_Data extracts_
§

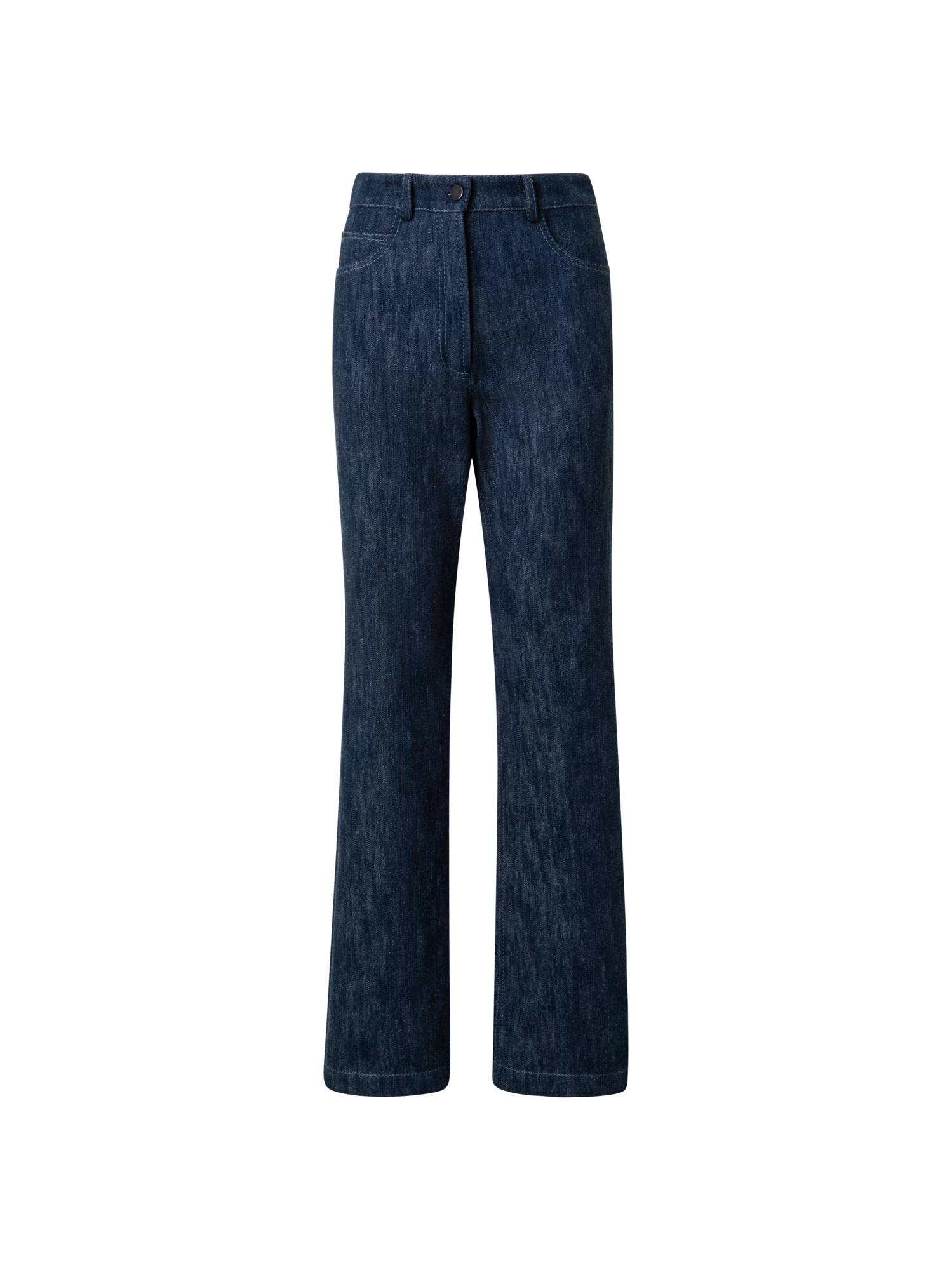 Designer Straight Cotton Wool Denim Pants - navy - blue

§

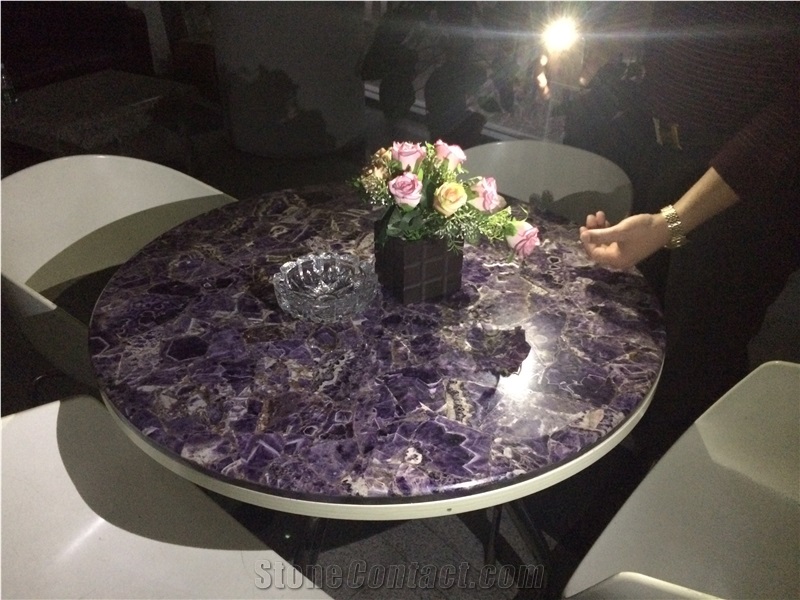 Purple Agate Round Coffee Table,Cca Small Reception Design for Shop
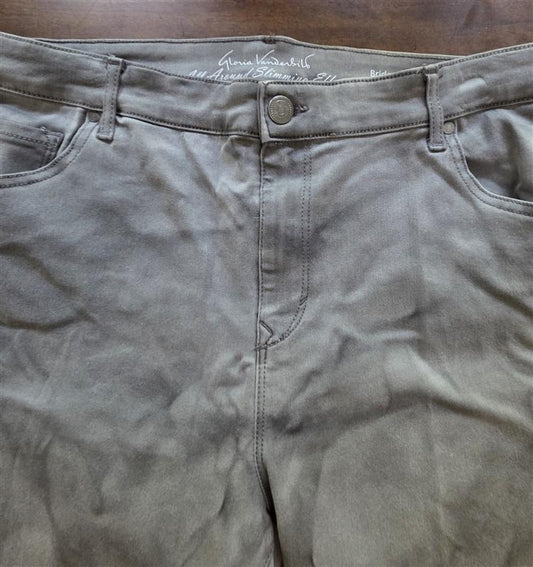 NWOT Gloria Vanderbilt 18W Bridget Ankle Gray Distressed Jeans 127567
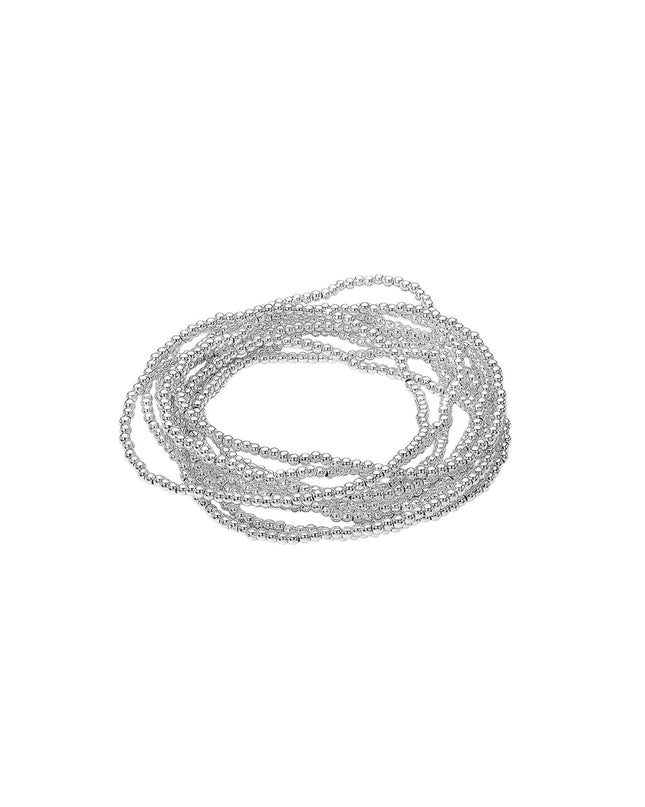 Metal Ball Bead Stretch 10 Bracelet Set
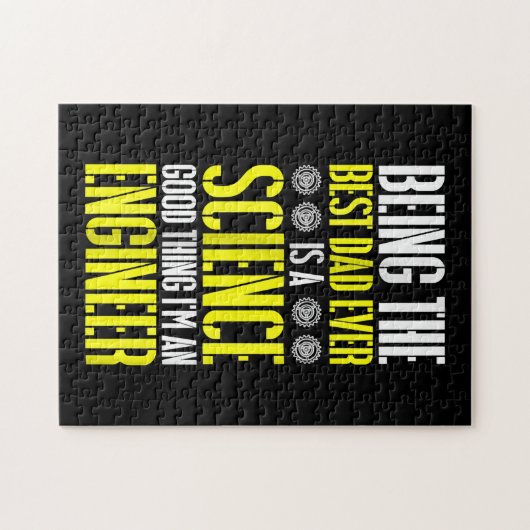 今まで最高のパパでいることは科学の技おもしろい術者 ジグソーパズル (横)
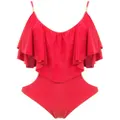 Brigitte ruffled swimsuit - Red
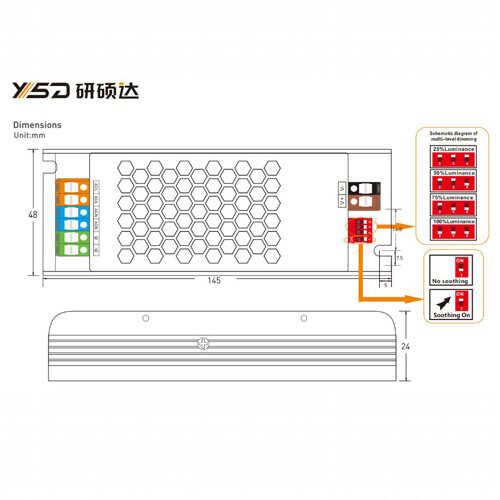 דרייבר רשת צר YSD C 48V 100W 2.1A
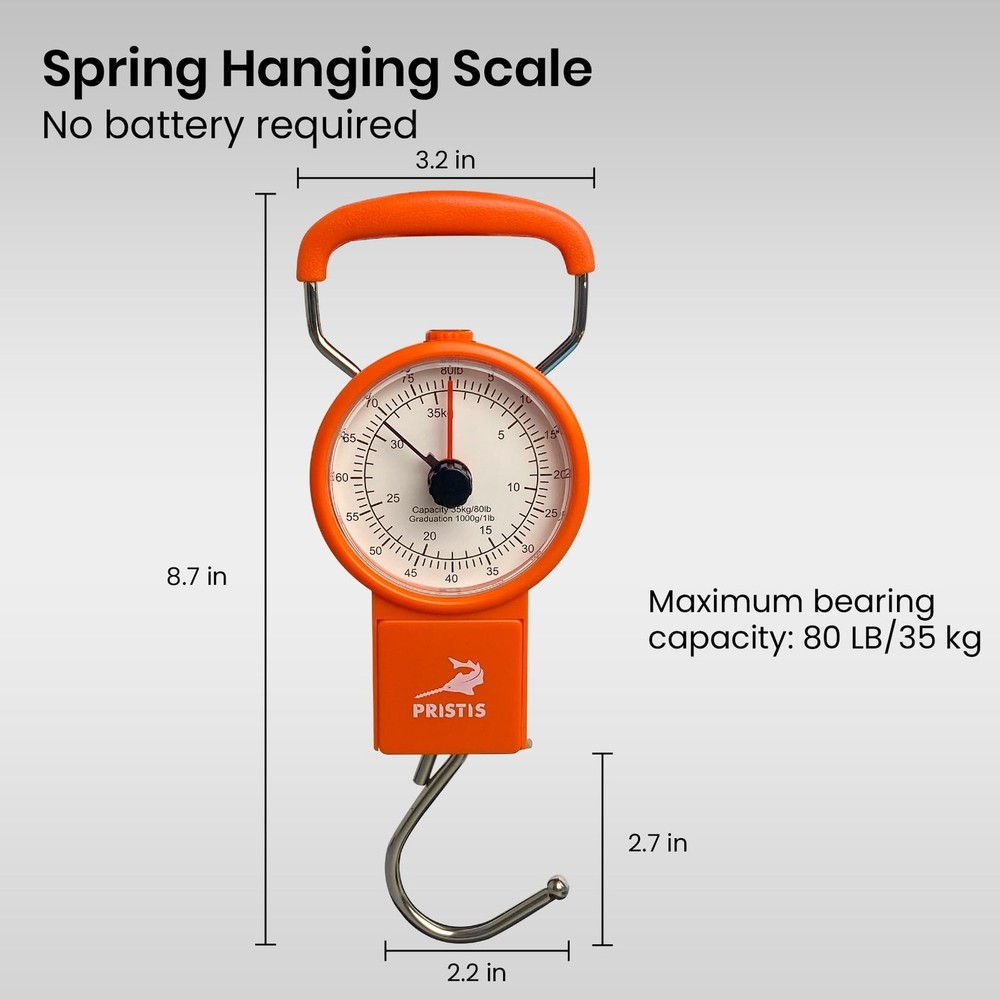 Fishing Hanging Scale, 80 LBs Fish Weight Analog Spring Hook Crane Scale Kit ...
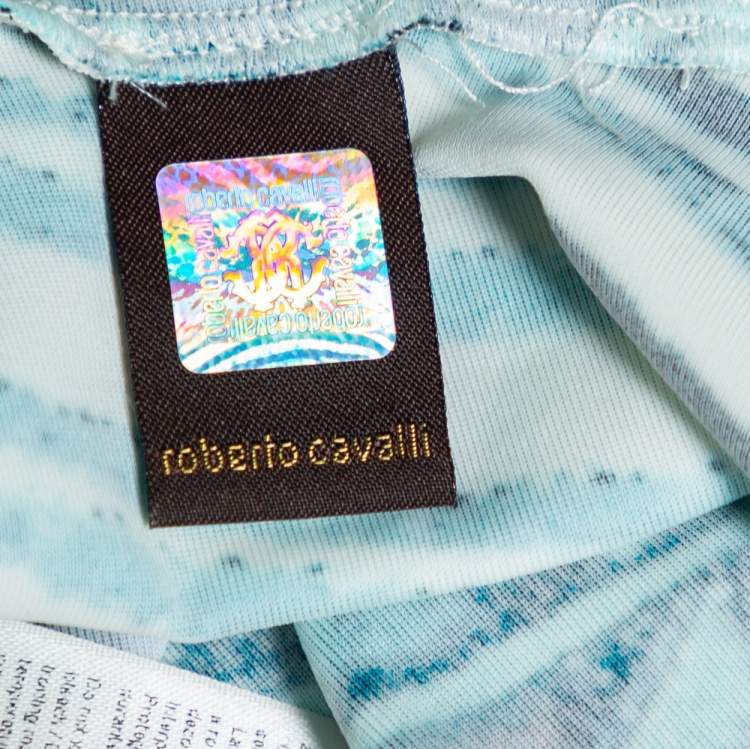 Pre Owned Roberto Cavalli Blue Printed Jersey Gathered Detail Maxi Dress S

§

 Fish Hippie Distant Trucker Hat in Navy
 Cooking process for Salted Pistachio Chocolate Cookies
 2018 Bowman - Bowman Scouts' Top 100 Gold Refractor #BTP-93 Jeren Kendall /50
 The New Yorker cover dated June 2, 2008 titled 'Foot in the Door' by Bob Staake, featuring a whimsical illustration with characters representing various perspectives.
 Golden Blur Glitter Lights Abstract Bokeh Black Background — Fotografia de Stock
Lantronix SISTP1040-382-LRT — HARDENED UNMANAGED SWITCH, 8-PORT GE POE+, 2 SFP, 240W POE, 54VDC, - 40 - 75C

§

_Task item_
Your copy should hold only the lines above from the one containing "דרייבר רשת צר YSD C 48V 100W 2.1A" through the one containing "Pre Owned Roberto", exactly as written and free of pictures.

_Solution below_
 דרייבר רשת צר YSD C 48V 100W 2.1A
 Fishing Hanging Scale, 80 LBs Fish Weight Analog Spring Hook Crane Scale Kit ...
 Pre Owned Roberto Cavalli Blue Printed Jersey Gathered Detail Maxi Dress S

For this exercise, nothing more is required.